Importation   Quintal métrique   Valeur en argent
Blé 
917 400 27 980 700
Farine de blé 
89 100 4 143 150
Seigle 
8 500 165 750
Maïs 
390 900 7 427 100
Orge 
409 600 6 963 200
Avoine 
437 400 7 435 800
Total 
54 115 700
Exportation        
Blé 
912 522 30 631 965
Farine de blé 
804 857 38 633 136
Seigle 
1 099 308 22 530 279
Maïs 
39 625 792 500
Orge 
823 471 15 645 949
Avoine 
214 528 3 968 768
Sarrasin 
65 913 1 120 521
Total 
113 323 118

Réduisant en blé les farines à raison de 70 kil. de farine par 100 kil. de blé, on trouve à l’importation 125 000 quint. mét. de blé, soit 169 332 hectol. de 75 kil., et à l’exportation 1 149 795 quint. mét. de blé, soit 1 533 000 hect. de 75 kil. ; par conséquent, les exportations ont dépassé les importations de 1 024 795 quint. mét., soit 1 363 727 hectol. de 75 kil. Les exportations de céréales ont donné dans leur ensemble un chiffre rond de 113 millions de francs ; les importations ont produit 34 millions ; par conséquent, le chiffre des exportations est supérieur de 79 millions de francs à celui des importations. Du 1er septembre 1872 au 1er septembre 1873, c’est-à-dire pendant la campagne qui vient de s’écouler, les importations de blés se sont élevées 1 426 000 quint. mét. ayant une valeur de 46 millions et les farines à 105 200 quint. mét. valant 4 920 000 francs. Les exportations de blés ont atteint pendant la même période 3 018 601 quint. mét. de blés d’une valeur de 104 310 080, et celles des farines 1 249 726 quint. mét. Cet argent, qui est entré l’année dernière dans nos caisses par les exportations, devra en sortir cette année pour combler le déficit. On pense que nos importations de 1873-74 coûteront quatre fois plus que n’ont rendu les exportations en 1872-1873.

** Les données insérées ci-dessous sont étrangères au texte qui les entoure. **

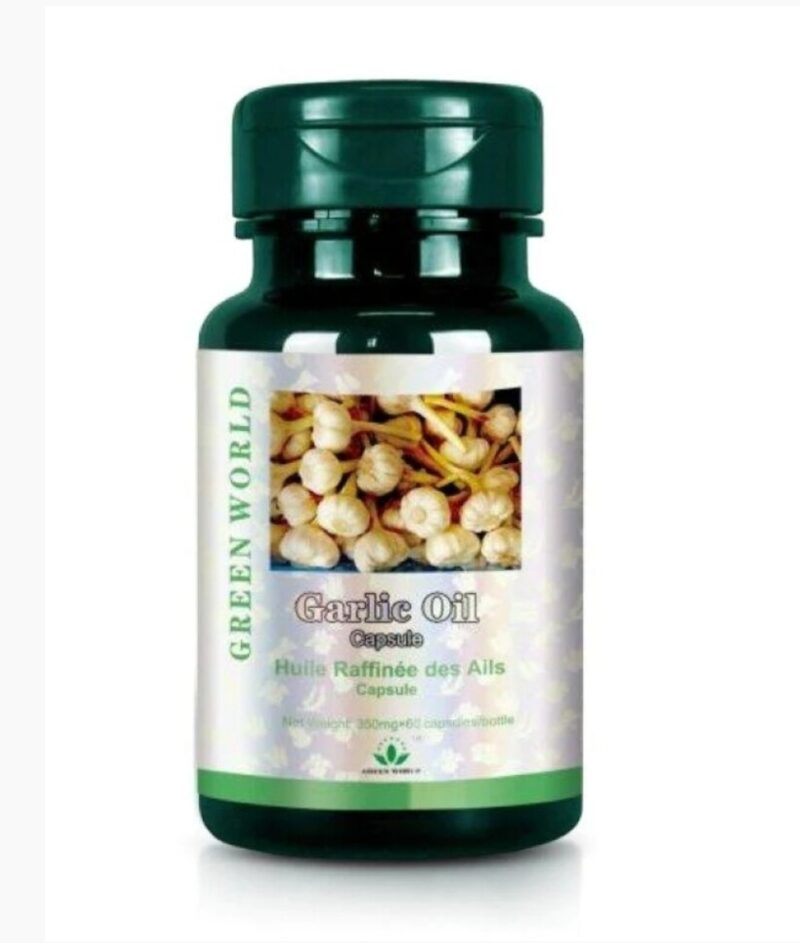 ### "Unlock Health with Green World Garlic Oil Softgel – Natural Wellness in Every Capsule!"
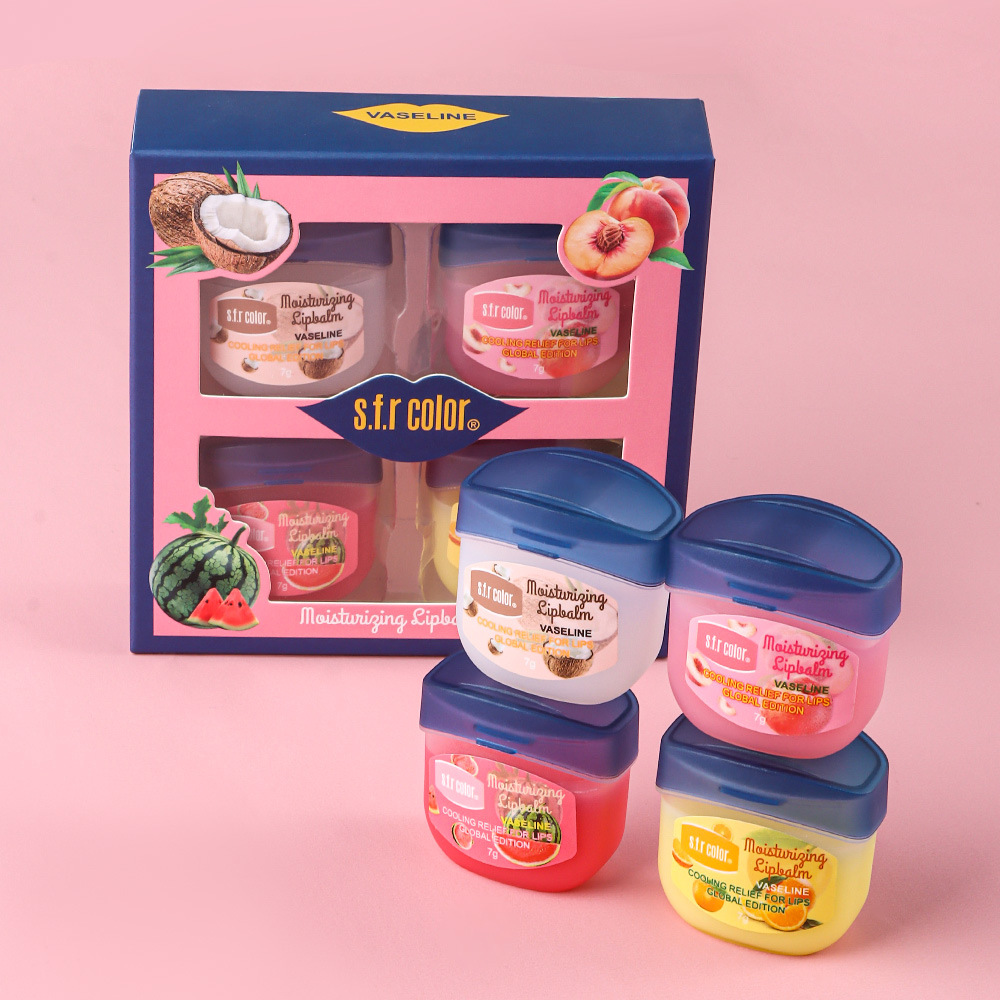 s.f.r color comercio exterior para proporcionar nuevos productos humectantes, marcas de labios ligeros, exfoliación de la piel muerta, sabor de fruta, set de lápiz labial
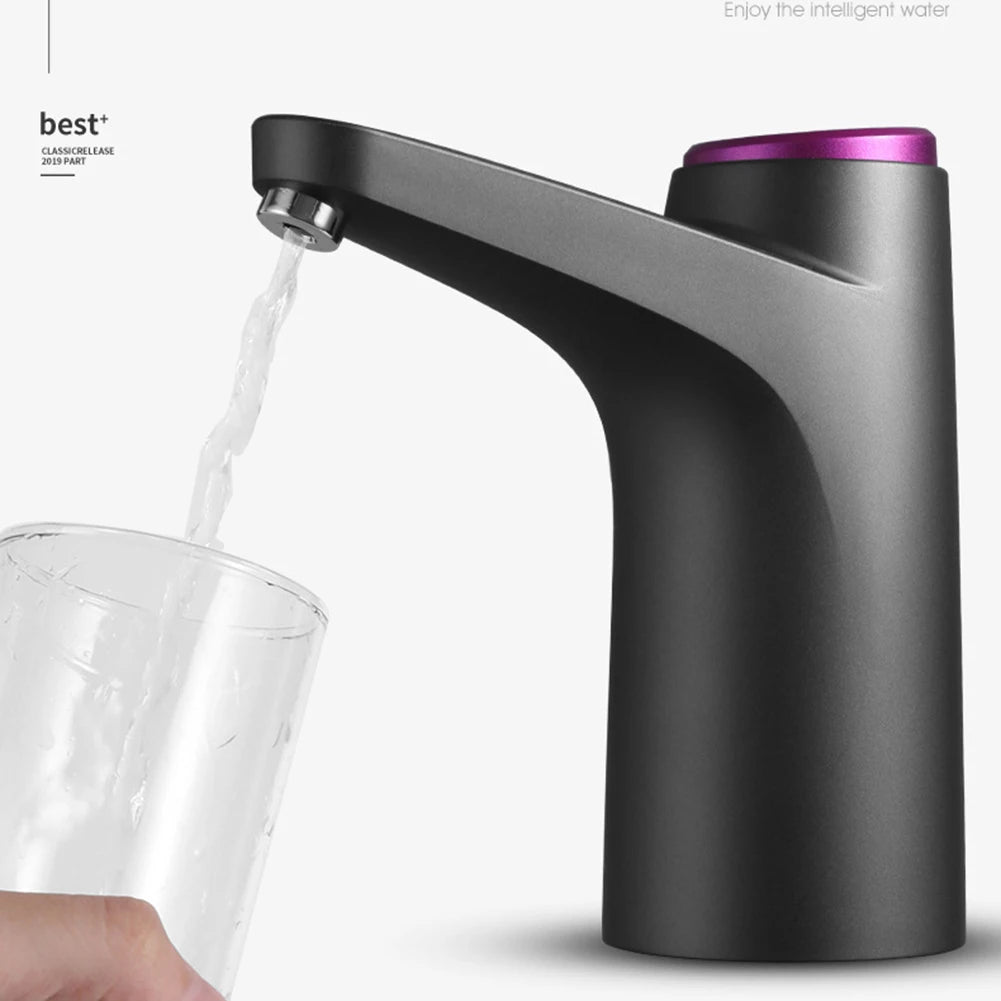 Mini Water Dispenser USB Rechargeable Wireless Water Pumping Device Portable One Key Switch Water Pump for Camping Water Tank
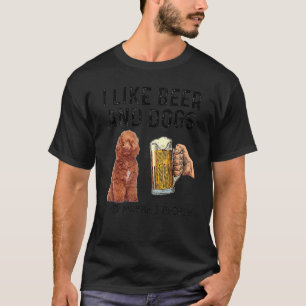 Camiseta Eu Gosto de Beber Cerveja e Cachorros Poodle e Tal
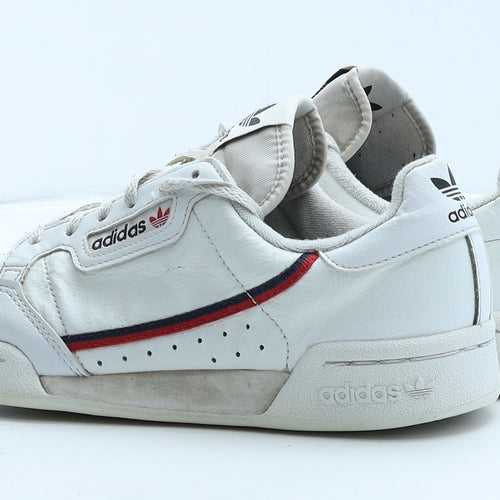 adidas Womens White Striped Leather Trainer UK 5 38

Troncs d’arbres pétrifiés dans le Colorado. — A 50 kilomètres dans l’ouest de Pike’s Peak, se trouvent les fameuses pétrifications du Colorado. Sur un espace d’un kilomètre carré, on voit treize troncs convertis en pierres ; tous, à l’exception d’un seul, ont été dégradés par la curiosité des chercheurs. Celui-ci était évidemment un arbre d’une dimension gigantesque. Il est placé au pied d’une saillie de rochers pittoresques. Le tronc s’élève à environ 1 mètre du sol et il a au moins 3 mètres de diamètre. Quoiqu’il ait conservé le grain et la couleur du bois, c’est une masse de pierre solide ; le cœur de l’arbre est d’un magnifique poli. La pétrification est lisse et dure, elle ressemble aux pierres à aiguiser ; elle est un peu plus cassante, mais on peut très-bien s’en servir pour donner du tranchant à un rasoir ou à un canif. Du côté où le soleil avait rendu le bois sec et noir, avant qu’il fut pétrifié, la couleur et les fissures presque imperceptibles du bois ont été parfaitement conservées. Quelques éclats du tronc semblent avoir été pourris avant la transformation en pierre, ils présentent une apparence remarquable ; c’est bien de la pierre dure, mais les extrémités paraissent éraillées, comme une tige de rotin que l’on aurait mâchée ; elles sont si filamenteuses et si souples, que l’on pourrait s’en servir presque comme d’un pinceau. La plupart de ces arbres étaient des pins ; cependant on suppose que le plus gros était un cyprès. La gomme ou la résine fournies, lorsqu’ils étaient à l’état d’arbres, a aussi subi les effets de la pétrification ; elle étincelle au soleil comme des gouttes légères de rosée ; lorsqu’on brise quelques morceaux de ces pierres, on découvre à l’intérieur de larges plaques de résine pétrifiée qui forment au milieu du bois une espèce de marqueterie qui scintille comme de l’argent poli.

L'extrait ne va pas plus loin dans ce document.